A striking feature of the data is that the estimate of ɛ from the LD map does not equal unity, as we verified that it does if the estimate of ɛi is constant over all intervals or if ɛi and di vary independently in the sample, as they presumably would if the number of SNPs were very large. However, when the number of SNPs is small, the correlation between ɛι and di is expected to vary symmetrically around 0, and therefore interpolation of small LD maps into a standard map should scale LDU to restore the relation Σɛididi = ɛ. For example, the LD map in Table 4 should be multiplied by ɛd/Σɛidi = (0.0583) (1019)/33.39, which changes the scale but not the shape of Fig. 1. We omit this refinement pending a trustworthy sequence and a dense marker map.

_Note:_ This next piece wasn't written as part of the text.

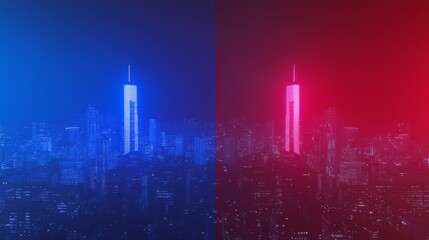 Fototapeta premium City of Contrast: Divided Skyline in Blue and Red Reflecting Diverse Values of Inhabitants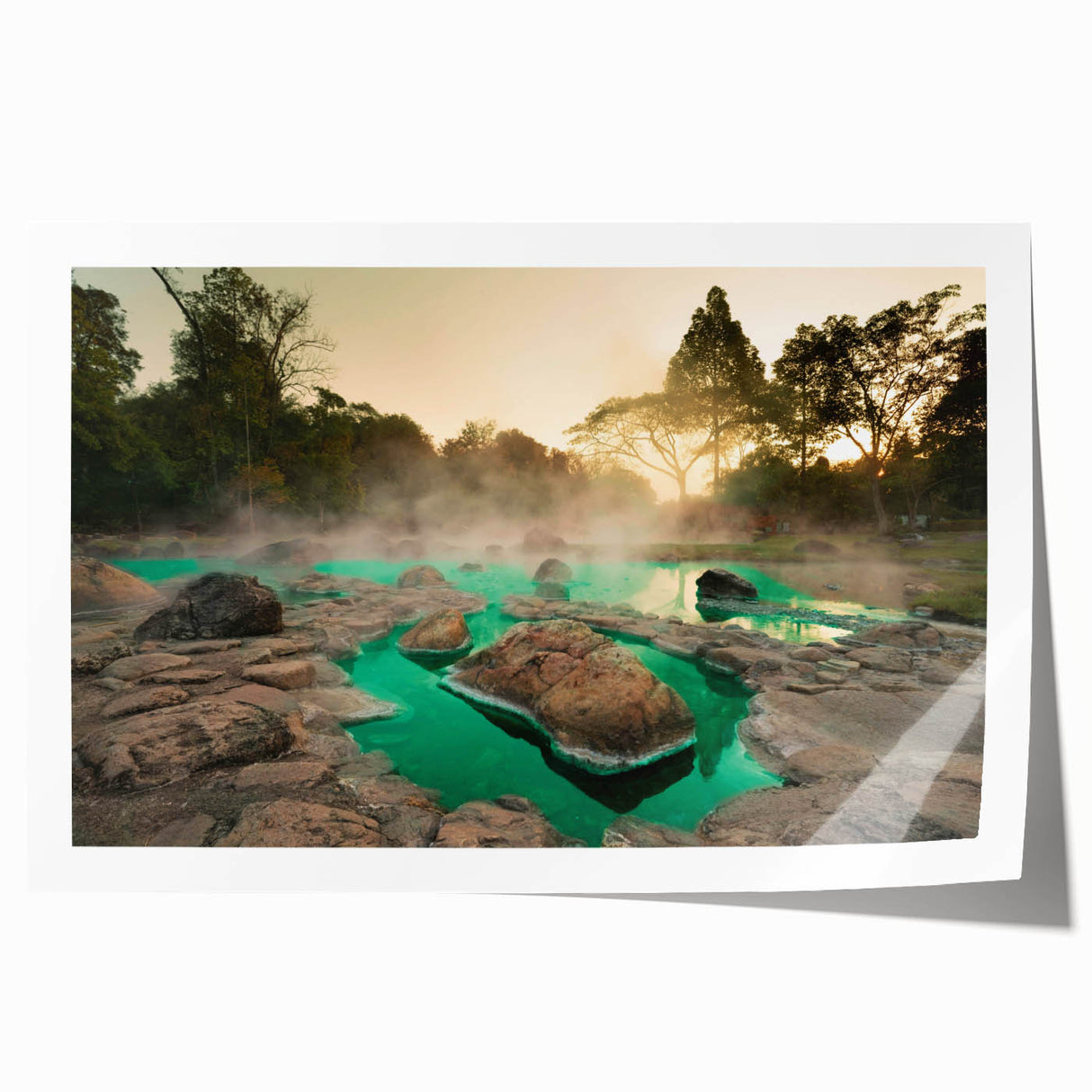 Colorful rolled print showcasing a serene hot spring landscape design, perfect for wall art collection, emphasizing natural beauty and relaxation.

Despite the complexity introduced by uncertain sequence, there is good agreement for ɛ between the Celera and local maps (models 1 and 5), which may properly be compared because they have the same distribution of Kρ, reflected by the same predicted value Ls. Such comparisons for H1 and exclusion of the same SNPs also agree, although ɛ is reduced to 0.029 for Celera and 0.031 for Golden Path in maps of the 8 SNPs located in all draft sequences (data not shown). These SNPs are proximal in Fig. 1, where ɛ is minimal.

Chromosome 3

The 400 individuals are unaffected parents for a psoriasis study in southwest Sweden (11). There are four higher-order symbols in dbSNP: A = ss3173, B = ss2992, C = ss4250, and D = ss2, generating symbols like A382, B188, D665, etc. Primers for 6 SNPs could not be located in the Celera sequence, and 3 primers were not found in Golden Path. The estimate of M in Table 5 is consistently small, suggesting polyphyletic origin, perhaps caused by gene conversion. If so, the conversion probability is regionally specific, a phenomenon not previously encountered or easily explained. The Celera map (model 1) has the smallest value of V, whereas Golden Path (model 2) has the smallest σɛ and a larger number of SNPs, making comparison of V invalid. Estimates of ɛ exceed most other regions (13), but are much less than for 19p13.3. The swept radius is 205 kb.

Table 5.

Application of the Malecot model to 3q21 under H0 (parameters specified by hypothesis in parentheses)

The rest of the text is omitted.